# ABS and ASR light on



## ECPunk (May 16, 2008)

Hi guys,

These lights come on together then go away periodically. I have read that they are associated with at ABS sensors and a poor connection. Is this correct? where are the sensors located? I wil need to check the connections and wiring. What else should i be looking for? Thanks guys


----------



## GTijoejoe (Oct 6, 2001)

ABS sensors are on your outboard axles cups either the axle or bearings on just about every car. If you look for wiring going to the knuckle/spindles, you'll find them


----------



## ECPunk (May 16, 2008)

GTijoejoe said:


> ABS sensors are on your outboard axles cups either the axle or bearings on just about every car. If you look for wiring going to the knuckle/spindles, you'll find them


For some reason i must have missed them. I thought i only saw one sensor cable running to the hub for the brake pads sensors. I knew it had to be there. its a little more obvious on my jeep with big tone rings and sensors. 

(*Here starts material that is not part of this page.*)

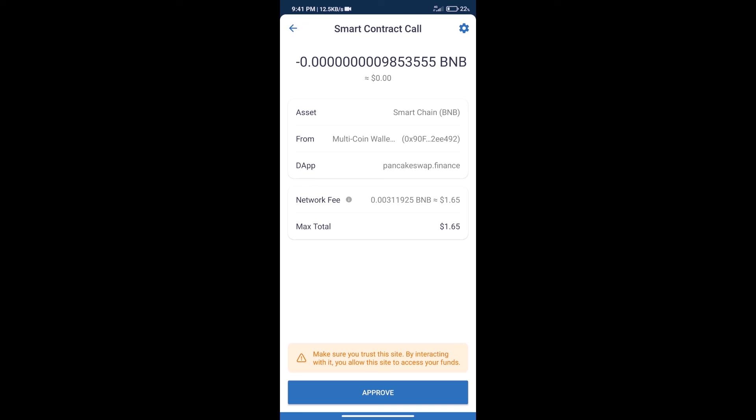After that, we will click on approve and finally we will get this token successfully. So guys, I have only shared the technical process, not financial advice. Invest in cryptocurrency at your own risk. Thanks for watching.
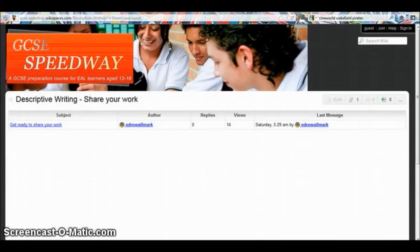You can use the GCSE Speedway community page to share your work and to read and comment on other students' work. To get started, you need to sign in.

What other causes are should i look into for the ABS and ASR lights to be on?


----------



## GTijoejoe (Oct 6, 2001)

Faulty modulator... in one shape or form being from electronics or the actual unit. 90% of the time he has something to do with the ABS sensing system... encoders or abs sensor.


----------



## ECPunk (May 16, 2008)

it has to be something loose, bad connections, or a sesnor working intermittantly, because the lights are off again. They have been off for two days now. I need to get under there and check. Tomorrow is the first dry day I will have had in a week. I hope to have time tomorrow.


----------



## sigmoidfrond (Jun 15, 2006)

Does anyone have a procedure for chasing down which wire or sensor? Haynes manual says to go to a dealer but I'm a bit tired of that kind of $. I can do the mechanics but am always flummoxed by the electrical.

I have a similar problem: ABS light comes on and brakes work old-school. ABS light goes off and they work like they should. Comes and goes, so I'm pretty sure it's a bad wire, but unless it's an obvious break I can't see it. Any word on how to test continuity on these sensors, or at least a technical bulletin?


----------